Autonegación injustificada

Autonegación injustificada

La Constitución y los usos históricos ponen a disposición del Poder Ejecutivo la facultad de indultar, que es perdonar sin olvido y llenando rigurosas condiciones, a un número equis de convictos del sistema penitenciario cada año. Una vía universalmente recorrida para que desde la primera magistratura de una nación el ejercicio de gobernar incluya gestos magnánimos en favor de individuos que aún en deuda con la sociedad, observan buena conducta en su privación de libertad, han cumplido la mitad de la pena, están en prisión por una hecho específico, no por una carrera delictiva, y su excarcelación no encierra peligros para la sociedad, según previo estudio de sus circunstancias.

En los centros de corrección dominicanos debe haber un buen número de personas aptas para recibir el beneficio del perdón oficial, pero la puerta de acceso al indulto ha sido cerrada por absolutos y particulares criterios de autoridades, en reacción desmesurada a un abuso o desnaturalización de esta concesión en los últimos años. El perdón se vendía; estaba en un escaparate al mejor postor; y reos sin méritos, con la mancha de proceder de un narcotráfico extendido y sólido en su acumulación de riquezas mal habidas, lograban salir de la cárcel. ¿Se justifica que la anterior práctica en altos niveles de dejarse sobornar para recomendar indultos mantenga negado tan empeñosamente ese perdón a quienes puedan merecerlos?

LOS DEUDOS DE NUESTRAS CULPAS

Elocuentemente el vespertino El Nacional puso en evidencia una vez más en su edición del viernes la ignominia de que los cementerios de Santo Domingo están, en gran medida, tomados por la delincuencia. Afrenta vil a nuestros antepasados.

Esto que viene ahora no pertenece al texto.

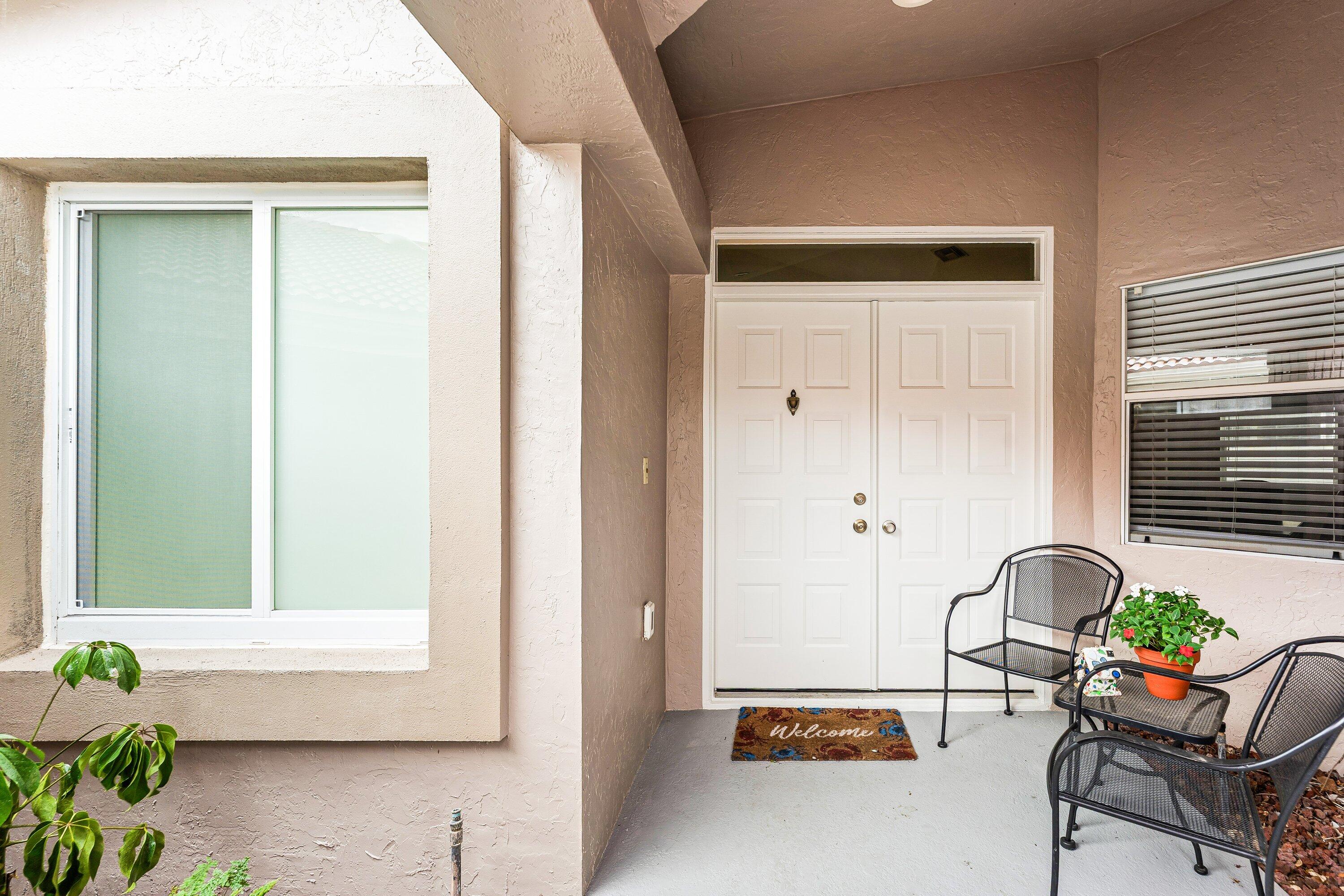 9702 Harbour Lake Circle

Un país que no sea capaz de preservar el orden en sus necrópolis y rodear de paz las tumbas de sus ancestros, tiene que avergonzarse. Revisarse a fondo y hasta llorar su incompetencia ante una obligación moral de cuyo cumplimiento dependería de alguna manera que se le pueda considerar civilizado y cristiano.

Por décadas hemos visto la ofensa. La profanación permanente expresada en robos y daños a tumbas y panteones y en la agresión directa de malhechores sobre deudos y otros visitantes. Hemos visto una asombrosa deserción de autoridades, tanto municipales como nacionales, que han debido cumplir sus deberes con fuerza y vigilancia, sobre los camposantos.